Because mouse models are being used to define the role of PMN-platelet interactions in thrombosis and the response to vascular injury, we investigated the molecular determinants responsible for the interaction of murine PMNs with activated murine platelets.
Mouse platelets were labeled with the green fluorescent dye BCECF and then activated with thrombin and fixed with 1% paraformaldehyde. Mouse PMNs were labeled with the red fluorescent dye hydroethidine and then stirred with the fixed platelets. After stopping the reaction with paraformaldehyde, formation of mixed cell conjugates was analyzed by flow cytometry.
In time course experiments, 90 +/- 1.9% of PMNs formed mixed conjugates with platelets after 2 min and the mean (+/- SEM) number of platelets per positive PMN was 8.4 +/- 1.5. A monoclonal antibody to P-selectin reduced the percentage of PMNs with attached platelets to 16 +/- 2.4% (P = 0.001), and only 8 +/- 5% of PMNs interacted with platelets from P-selectin-/- mice. In contrast, monoclonal antibodies to PSGL-1, beta2-integrin, and alphaIIbbeta3 had much less or no effect on the production of mixed cell aggregates. To better identify a secondary contribution of beta2-integrins, P-selectin interactions were disrupted by briefly adding 5 mm EGTA to already-formed mixed cell aggregates. Brief EGTA treatment alone reduced the percentage of PMNs with attached platelets to 70 +/- 3.5% (P = 0.004 vs. no treatment), but did not modify the number of platelets per positive PMN (9.5 +/- 1.7). The combination of brief EGTA treatment and a monoclonal antibody to beta2-integrin lowered the percentage of PMN with attached platelets to 50 +/- 7% and reduced the number of platelets attached per positive PMN to 3.6 +/- 0.7 (P = 0.03 vs. brief EGTA treatment only). Brief EGTA treatment did not modify the effect of the other antibodies.
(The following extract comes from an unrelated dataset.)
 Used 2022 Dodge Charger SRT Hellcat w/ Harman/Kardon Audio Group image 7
When the incubation was stopped with EGTA the Src inhibitors PP1 and PP2 reduced PMN-platelet adhesion, while the inactive analog PP3 was ineffective.
These results confirm that P-selectin plays a prominent role in mediating the initial interactions between mouse PMN and platelets, and provide support for additional contributions from beta2-integrins and Src family kinases.
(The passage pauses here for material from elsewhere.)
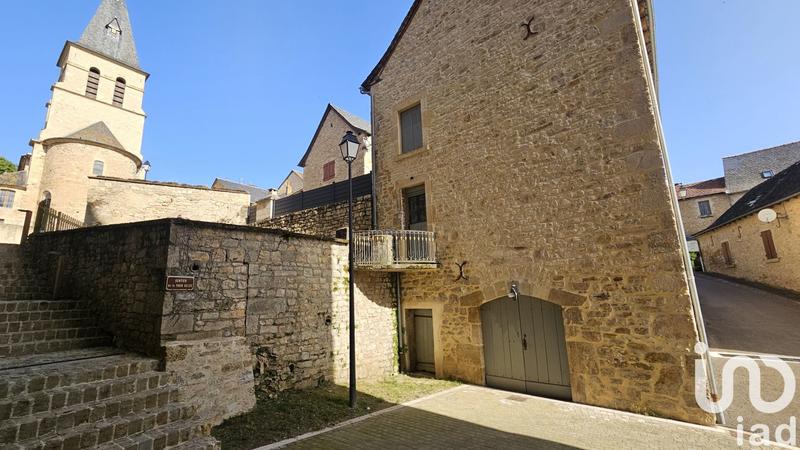Maison de village - 216 m² - 12 pièces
人类多形核白细胞(PMN)与活化的人类血小板的初始相互作用由P-选择素及其白细胞配体PSGL-1介导;随后,通过Src激酶介导的蛋白酪氨酸磷酸化激活αMβ2以及活化的αMβ2与其血小板反受体的结合,这种相互作用得以加强。
由于正在使用小鼠模型来确定PMN-血小板相互作用在血栓形成和对血管损伤的反应中的作用,我们研究了负责小鼠PMN与活化小鼠血小板相互作用的分子决定因素。
用绿色荧光染料BCECF标记小鼠血小板,然后用凝血酶激活并用1%多聚甲醛固定。用红色荧光染料氢乙锭标记小鼠PMN,然后与固定的血小板搅拌。在用多聚甲醛终止反应后,通过流式细胞术分析混合细胞共轭物的形成。
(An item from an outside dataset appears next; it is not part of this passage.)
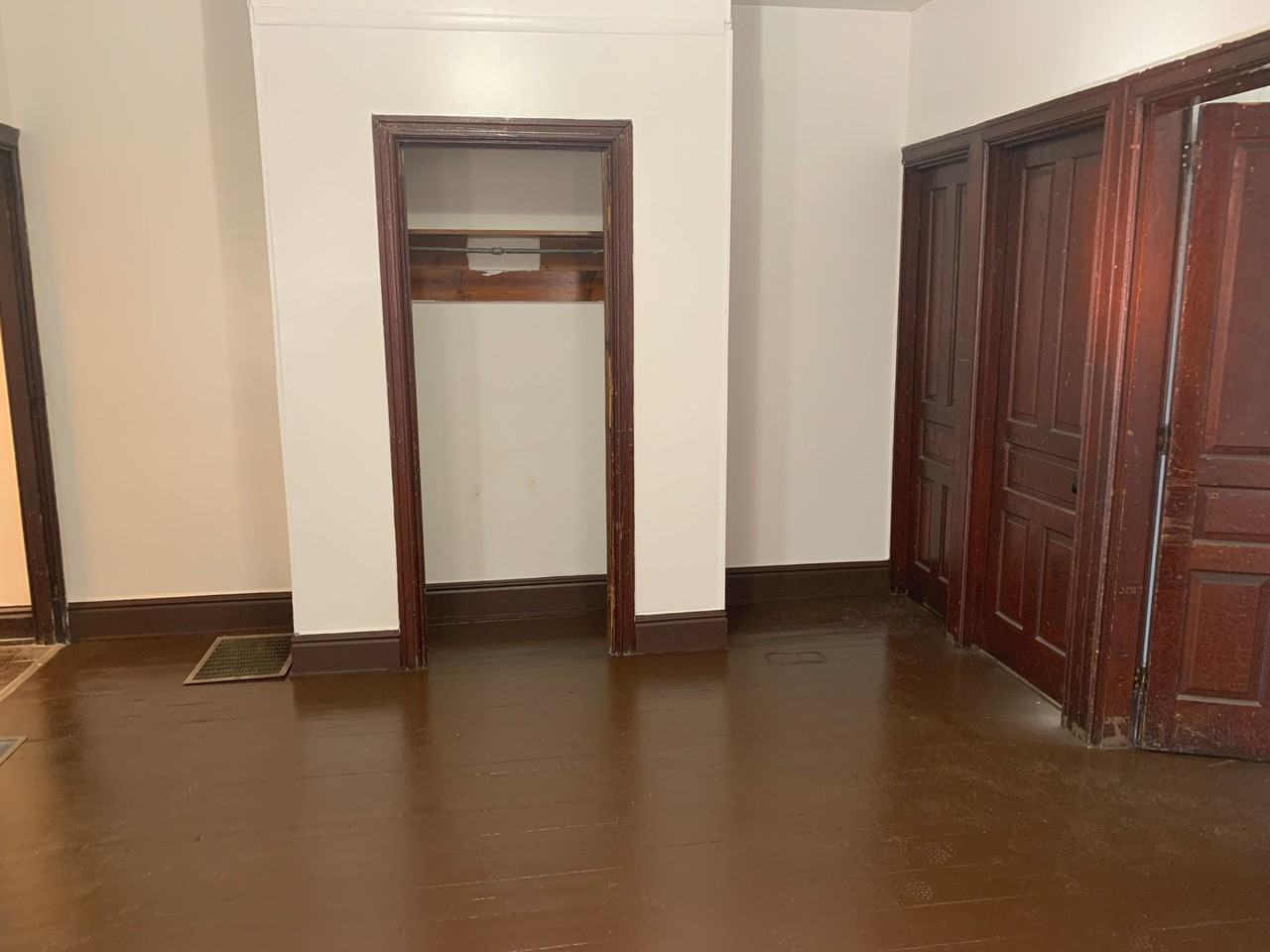 1114 W Market St #1 - Photo 6 of 14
在时间进程实验中,90±1.9%的PMN在2分钟后与血小板形成混合共轭物,每个阳性PMN的血小板平均(±SEM)数为8.4±1.5。一种针对P-选择素的单克隆抗体将附着血小板的PMN百分比降低到16±2.4%(P = 0.001),只有8±5%的PMN与来自P-选择素基因敲除小鼠的血小板相互作用。相比之下,针对PSGL-1、β2整合素和αIIbβ3的单克隆抗体对混合细胞聚集体的产生影响小得多或没有影响。为了更好地确定β2整合素的次要作用,通过向已经形成的混合细胞聚集体中短暂添加5 mM EGTA来破坏P-选择素相互作用。单独短暂的EGTA处理将附着血小板的PMN百分比降低到70±3.5%(与未处理相比,P = 0.004),但没有改变每个阳性PMN的血小板数量(9.5±1.7)。短暂的EGTA处理和一种针对β2整合素的单克隆抗体的组合将附着血小板的PMN百分比降低到50±7%,并将每个阳性PMN附着的血小板数量减少到3.6±0.7(与仅短暂的EGTA处理相比,P = 0.03)。短暂的EGTA处理没有改变其他抗体的作用。当用EGTA终止孵育时,Src抑制剂PP1和PP2降低了PMN-血小板的粘附,而无活性的类似物PP3无效。
这些结果证实P-选择素在介导小鼠PMN与血小板之间的初始相互作用中起重要作用,并为β2整合素和Src家族激酶的额外作用提供了支持。